Exercise directions:
In full and without edits, write out the data that follows.

::::::

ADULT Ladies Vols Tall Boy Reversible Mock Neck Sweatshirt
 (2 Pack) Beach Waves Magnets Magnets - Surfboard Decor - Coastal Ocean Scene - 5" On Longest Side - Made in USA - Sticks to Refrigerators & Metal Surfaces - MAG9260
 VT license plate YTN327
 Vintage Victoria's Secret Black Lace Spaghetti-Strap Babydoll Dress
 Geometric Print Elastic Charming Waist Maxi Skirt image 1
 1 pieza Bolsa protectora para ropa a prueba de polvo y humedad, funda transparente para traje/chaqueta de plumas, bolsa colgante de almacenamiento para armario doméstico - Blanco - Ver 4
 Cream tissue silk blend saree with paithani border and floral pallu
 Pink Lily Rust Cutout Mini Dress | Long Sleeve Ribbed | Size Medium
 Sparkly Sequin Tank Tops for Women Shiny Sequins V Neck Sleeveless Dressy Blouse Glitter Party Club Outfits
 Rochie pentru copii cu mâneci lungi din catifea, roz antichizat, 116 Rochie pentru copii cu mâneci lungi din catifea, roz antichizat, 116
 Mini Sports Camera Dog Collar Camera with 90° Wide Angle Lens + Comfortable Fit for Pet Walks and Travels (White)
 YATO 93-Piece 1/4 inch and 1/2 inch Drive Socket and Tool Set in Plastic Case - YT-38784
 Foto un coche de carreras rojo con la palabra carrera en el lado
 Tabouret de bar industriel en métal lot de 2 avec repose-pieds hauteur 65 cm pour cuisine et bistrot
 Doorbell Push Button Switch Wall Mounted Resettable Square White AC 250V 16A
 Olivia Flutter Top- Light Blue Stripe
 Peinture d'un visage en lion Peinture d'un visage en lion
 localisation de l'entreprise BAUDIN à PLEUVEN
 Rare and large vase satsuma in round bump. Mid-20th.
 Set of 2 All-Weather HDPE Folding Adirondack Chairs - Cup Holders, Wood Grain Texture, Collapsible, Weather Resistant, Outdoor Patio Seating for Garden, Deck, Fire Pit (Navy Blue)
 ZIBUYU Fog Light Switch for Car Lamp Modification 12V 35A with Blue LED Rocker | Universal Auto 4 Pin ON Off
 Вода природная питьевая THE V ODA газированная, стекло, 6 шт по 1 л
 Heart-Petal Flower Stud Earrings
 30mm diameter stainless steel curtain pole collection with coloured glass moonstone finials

::::::

Exercise result:
ADULT Ladies Vols Tall Boy Reversible Mock Neck Sweatshirt
 (2 Pack) Beach Waves Magnets Magnets - Surfboard Decor - Coastal Ocean Scene - 5" On Longest Side - Made in USA - Sticks to Refrigerators & Metal Surfaces - MAG9260
 VT license plate YTN327
 Vintage Victoria's Secret Black Lace Spaghetti-Strap Babydoll Dress
 Geometric Print Elastic Charming Waist Maxi Skirt image 1
 1 pieza Bolsa protectora para ropa a prueba de polvo y humedad, funda transparente para traje/chaqueta de plumas, bolsa colgante de almacenamiento para armario doméstico - Blanco - Ver 4
 Cream tissue silk blend saree with paithani border and floral pallu
 Pink Lily Rust Cutout Mini Dress | Long Sleeve Ribbed | Size Medium
 Sparkly Sequin Tank Tops for Women Shiny Sequins V Neck Sleeveless Dressy Blouse Glitter Party Club Outfits
 Rochie pentru copii cu mâneci lungi din catifea, roz antichizat, 116 Rochie pentru copii cu mâneci lungi din catifea, roz antichizat, 116
 Mini Sports Camera Dog Collar Camera with 90° Wide Angle Lens + Comfortable Fit for Pet Walks and Travels (White)
 YATO 93-Piece 1/4 inch and 1/2 inch Drive Socket and Tool Set in Plastic Case - YT-38784
 Foto un coche de carreras rojo con la palabra carrera en el lado
 Tabouret de bar industriel en métal lot de 2 avec repose-pieds hauteur 65 cm pour cuisine et bistrot
 Doorbell Push Button Switch Wall Mounted Resettable Square White AC 250V 16A
 Olivia Flutter Top- Light Blue Stripe
 Peinture d'un visage en lion Peinture d'un visage en lion
 localisation de l'entreprise BAUDIN à PLEUVEN
 Rare and large vase satsuma in round bump. Mid-20th.
 Set of 2 All-Weather HDPE Folding Adirondack Chairs - Cup Holders, Wood Grain Texture, Collapsible, Weather Resistant, Outdoor Patio Seating for Garden, Deck, Fire Pit (Navy Blue)
 ZIBUYU Fog Light Switch for Car Lamp Modification 12V 35A with Blue LED Rocker | Universal Auto 4 Pin ON Off
 Вода природная питьевая THE V ODA газированная, стекло, 6 шт по 1 л
 Heart-Petal Flower Stud Earrings
 30mm diameter stainless steel curtain pole collection with coloured glass moonstone finials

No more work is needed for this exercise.